Stop the Water Source
Brick can be exposed to water when it rains, but efflorescence that is especially noticeable in one spot is probably caused by a water leak from a pipe. Have a plumber check for a leak in that spot, and be sure to get it repaired before taking action to remove the calcification. You may also notice that efflorescence shows up in a spot where a lawn sprinkler is spraying water on the brick. Place a water guard on the sprinkler to block it from doing this.
Seal the Brick
The only way to completely prevent calcification on bricks is to keep them from being exposed to water. Because the exterior of a house will be exposed to water in damp weather, the best way to prevent that water from being absorbed by the brick is to apply a sealer. Be aware that if brick that has been sealed somehow absorbs water, either from a leak or from a patch of brick that was not fully sealed, that layer of sealer can hold water into the brick and not allow it to escape. That moisture can damage the brick structurally if it is not able to dry out fully.
Clean the Efflorescence
Another way to deal with brick calcification is to clean the brick surface. This is traditionally done by scrubbing the brick with a wire brush to remove any large chunks of salt. Then, a 1:10 solution of muriatic acid dissolved in water can be used to wash the salt away. You will also see results if you clean the brick with a commercial cleaner designed to remove mineral deposits such as CLR or Lime Away.

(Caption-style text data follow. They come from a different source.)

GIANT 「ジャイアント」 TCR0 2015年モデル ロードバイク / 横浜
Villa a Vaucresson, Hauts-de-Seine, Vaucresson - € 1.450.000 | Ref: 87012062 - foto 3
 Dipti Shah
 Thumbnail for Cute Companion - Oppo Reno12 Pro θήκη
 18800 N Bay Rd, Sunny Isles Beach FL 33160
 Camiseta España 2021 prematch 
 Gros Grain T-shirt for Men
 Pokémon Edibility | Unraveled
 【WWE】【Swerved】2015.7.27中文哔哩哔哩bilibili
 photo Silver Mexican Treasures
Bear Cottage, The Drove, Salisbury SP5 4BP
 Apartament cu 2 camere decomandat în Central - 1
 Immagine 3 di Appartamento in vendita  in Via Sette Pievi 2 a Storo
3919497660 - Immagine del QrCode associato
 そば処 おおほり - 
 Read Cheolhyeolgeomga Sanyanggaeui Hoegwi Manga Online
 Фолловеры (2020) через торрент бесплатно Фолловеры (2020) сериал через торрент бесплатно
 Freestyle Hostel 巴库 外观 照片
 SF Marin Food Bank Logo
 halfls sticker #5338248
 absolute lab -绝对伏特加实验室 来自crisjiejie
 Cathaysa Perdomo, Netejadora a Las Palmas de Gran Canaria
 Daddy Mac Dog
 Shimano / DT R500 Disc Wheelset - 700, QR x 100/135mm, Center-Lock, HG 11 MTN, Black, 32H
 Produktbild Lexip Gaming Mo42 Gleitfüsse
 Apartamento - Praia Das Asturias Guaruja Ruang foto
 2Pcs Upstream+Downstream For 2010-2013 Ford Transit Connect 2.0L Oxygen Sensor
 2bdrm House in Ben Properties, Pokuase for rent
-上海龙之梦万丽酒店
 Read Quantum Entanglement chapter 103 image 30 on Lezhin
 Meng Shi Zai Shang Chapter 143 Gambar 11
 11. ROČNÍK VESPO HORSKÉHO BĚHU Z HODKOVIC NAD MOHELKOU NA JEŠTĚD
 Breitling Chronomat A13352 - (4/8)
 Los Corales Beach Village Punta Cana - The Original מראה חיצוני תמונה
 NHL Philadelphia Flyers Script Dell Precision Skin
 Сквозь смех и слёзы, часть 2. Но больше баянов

Is Calcification Dangerous?
Calcification on bricks does not indicate that they are losing their structural integrity or that there is something wrong with your bricks. In fact, some brick buildings that have stood for hundreds of years have significant calcification with this patina viewed by some as adding to the beauty of the structure. Removing calcification is an aesthetic choice, and there is nothing wrong with choosing to leave your bricks alone and not remove the calcification.